Knowledge is power—so taking an organized approach to understanding which components have the potential to cause delays or stop production is critical. “If you take a structured approach you can expose locations or components that have the potential to cause disruption,” said Gibson.  

Early warning of fire-caused shortages is critical, so that OEMs can pull inventory from the channel or second source products, Vakil said. “Unfortunately, many companies are not mapping their suppliers or monitoring the supply chain in order to do proactive mitigation,” she said. Further, factory fires aren’t always newsworthy, and may happen in a country where reports might be made in a different language than the supplier uses.  

Creating close ties with important suppliers is another critical strategy, Vakil added. “Vetting and getting approval for a second source can take months or even years,” she said. “Unless a supplier is financially weak, it may be a better strategy to build a transparent and trustworthy partnership.  Give the supplier its due and work collaboratively. Ask them to share sub-tier supply information.”

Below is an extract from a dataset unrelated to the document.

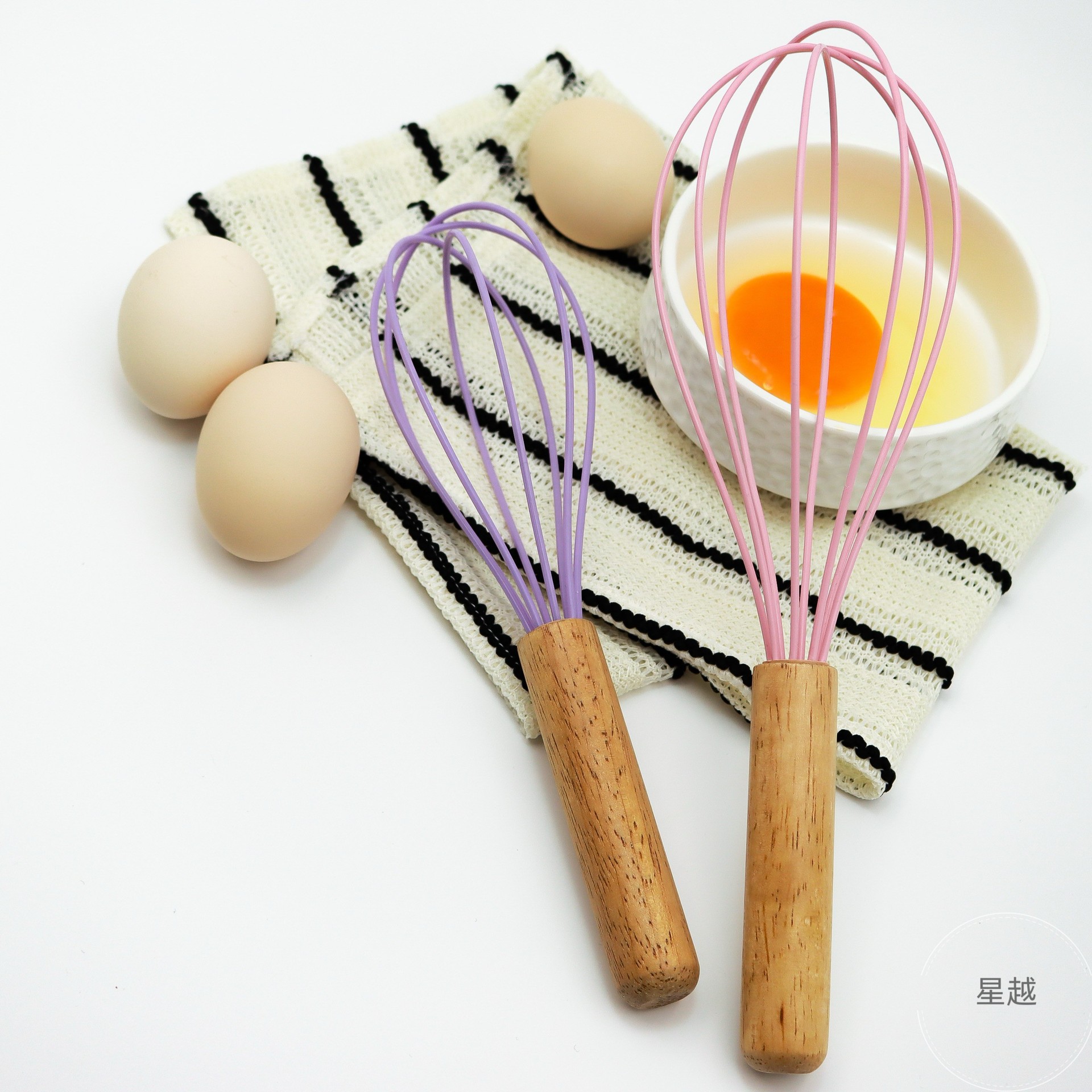 Cross-Border New 8-Inch 10inch 12inch Silicone Egg Beater Manual Wooden Handle Mixer Egg White Baking Tools Wholesale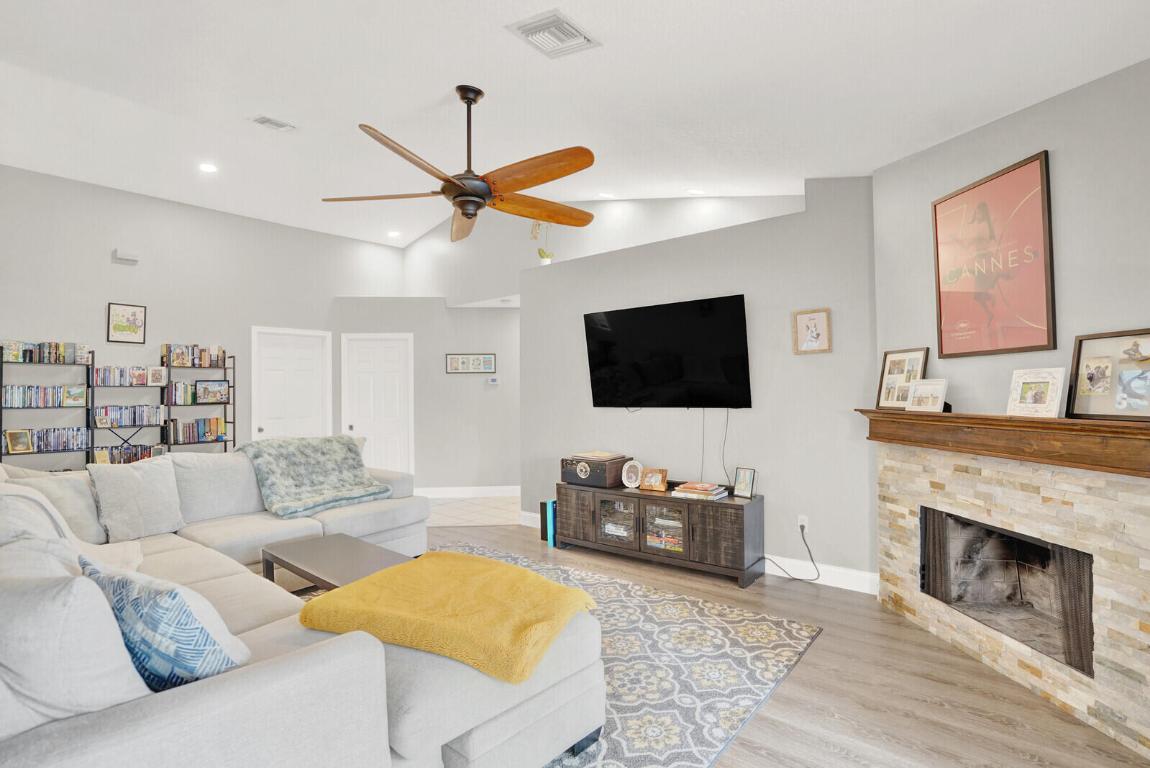 1068 Northumberland Court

— Hailey Lynne McKeefry, Editor in Chief, EBN Circle me on Google+ Follow me on Twitter Visit my LinkedIn page Friend me on Facebook

2 comments on “Ford Production Woes Teach Supply Chain Lessons

  1. John Benito
    May 22, 2018

    Regarding the problem at Ford. In most well run companies you will find that the Financial  group cover themselves, with all sort of protections andinsurances, from exchenage rate fluctuations to Bad Debts, etc. However, in the supply chain /operations area we have worked out many ways to reducce the amounts of inventories that the company should carry to support its business operation. We have done sucha good job, that for example a plant like GM in SH doesn't get the tires for the cars in the assmbly line until 1/2 hour before they are going into the car. Wonderful!We expect the sub-suppliers to carry the stocks, of course not in our books until basically the tires are screwed into the car. Great! However there are many issues with this kind of operations, such as Strikes, fires, Machines breakdowns, electricity support, etc. Few end users (Ford, GM, et all.) really do carry out consistent audits / checks of their suppliers capabilities and commitment to the agreed contractual obligations. These checks usually need people (Not Robots) and these cost money. So, we don't need them and we retrench them. We talk about, having a couple of tier one suppliers but rarely we split equally the requirements between these suppliers. Normally we give 80/90% of the requirements to one supplier for a variety of reasons some Logical and some not so! We do not carry out audits as mentioned earlier and seldom we do Physical checks of the Inventory holdings at the Tier One suppliers, even less if they are tier 2.  So if over 7000 people are not going to get pay who cares? Most certainly there will be enough stocks of FG's to cover a couple of weeks worth of inventory at the dealers or in transit. This is not Bad business is it!! And who's fault is it? Well ours!!Outsouring is great but there has to be strict rules and a commitment to work at arms length with suppliers no matter who they are. Unfortunately, the Operations area is a little more complicated than say: if the exchange rate goes up or down by more than 0.5% don't worry we have insurance.   For what is worth!!! JB  

  2. StephenGiderson
    September 17, 2018

    We cannot truly learn from an experience until a crucial one has hit us. The only way for us to really pick up on things is when a dire situation has come our way and we would have to handle it by all means possible. When we have to put our entire mind and soul into it, then only would the entire experience be memorable. This is always the case and usually it just becomes too late until we realize.